Tuesday 27 May 2014
Locke & Key, Volume 1: Welcome To Lovecraft Review (Joe Hill, Gabriel Rodriguez)
I read this puppy when it first came out a few years ago and really wanted to like it, and didn’t. So, now the series is done, I thought I’d go back and give it another shot - maybe I was in the wrong frame of mind, or maybe I was just plain wrong, and this time I’d love it? Nope - still terrible, unfortunately.
Three kids - an older boy, his slightly younger sister, and their youngest sibling, a boy called Bode (and the only one whose name I could remember, purely for being such an odd name!) - have their father taken from them when one of his students comes to his summer home and murders him. The kids and their mum move from west coast to east coast back to the father’s childhood home - a massive, forbidding Lovecraftian mansion in the fictional Massachusetts town of Lovecraft (the thinking seems to be: it’s a “horror” comic so let’s remind readers of it by heavily referencing horror writer, HP Lovecraft).
The Lovecraftian mansion set in Lovecraft is of course haunted with all manner of ghosts and special keys unlock special doors that can warp space and time, even the temporal planes - when Bode walks through one door, his body is left behind and he becomes a ghost.
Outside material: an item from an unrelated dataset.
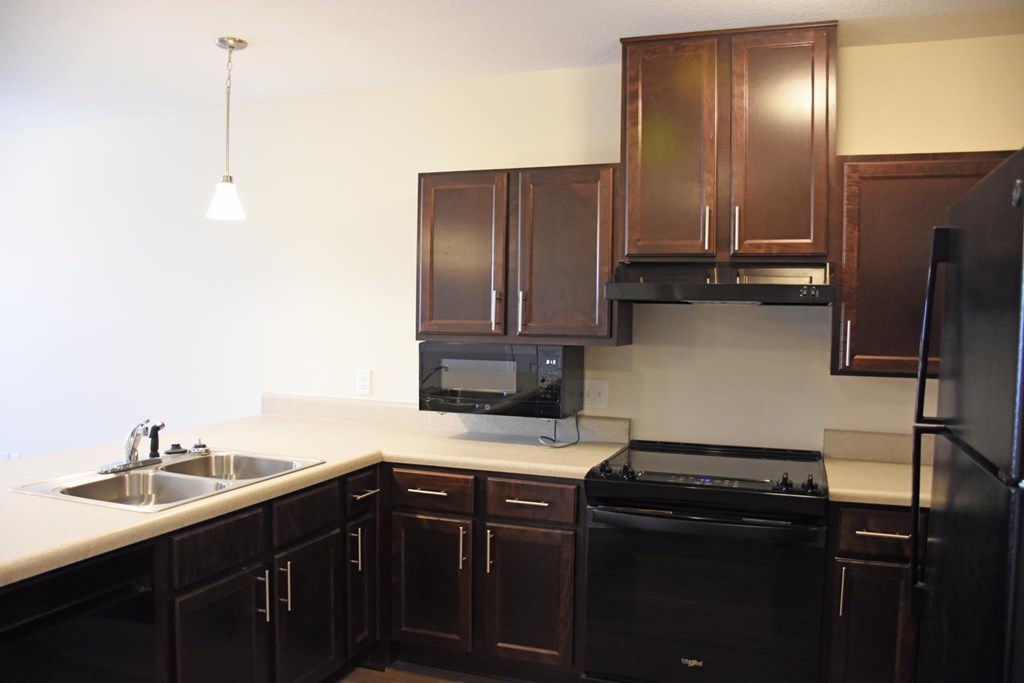 A kitchen with black appliances and brown cabinets.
And while the kids get over the trauma of their recent loss, their dad’s murderer is on the loose - and he’s coming to finish the job!
It’s definitely cool that Joe Hill is following in his dad’s footsteps and writing his own haunted house story but I have to say he’s certainly not as great a writer as Stephen King was when he was a younger man and Locke & Key isn’t a patch on The Shining. For one, Hill focuses far too much on the kids’ difficulty in getting over their dad’s death which is realistic but not at all compelling to read - I get it, they’re saaaaaaaad! - while failing to make them stand out as characters.
The older brother is pure emo, the sister is a flatliner - she literally at one point joins a track team and says that she’s running because she’s got a lot to run away from - what cheesy writing! - and Bode is your average Disney kid. Cute as a bug, always being clumsy but in a way that advances the story like he’s fooling around and then - oh, is that a special key that fell out of that jug I knocked off that shelf? How convenient!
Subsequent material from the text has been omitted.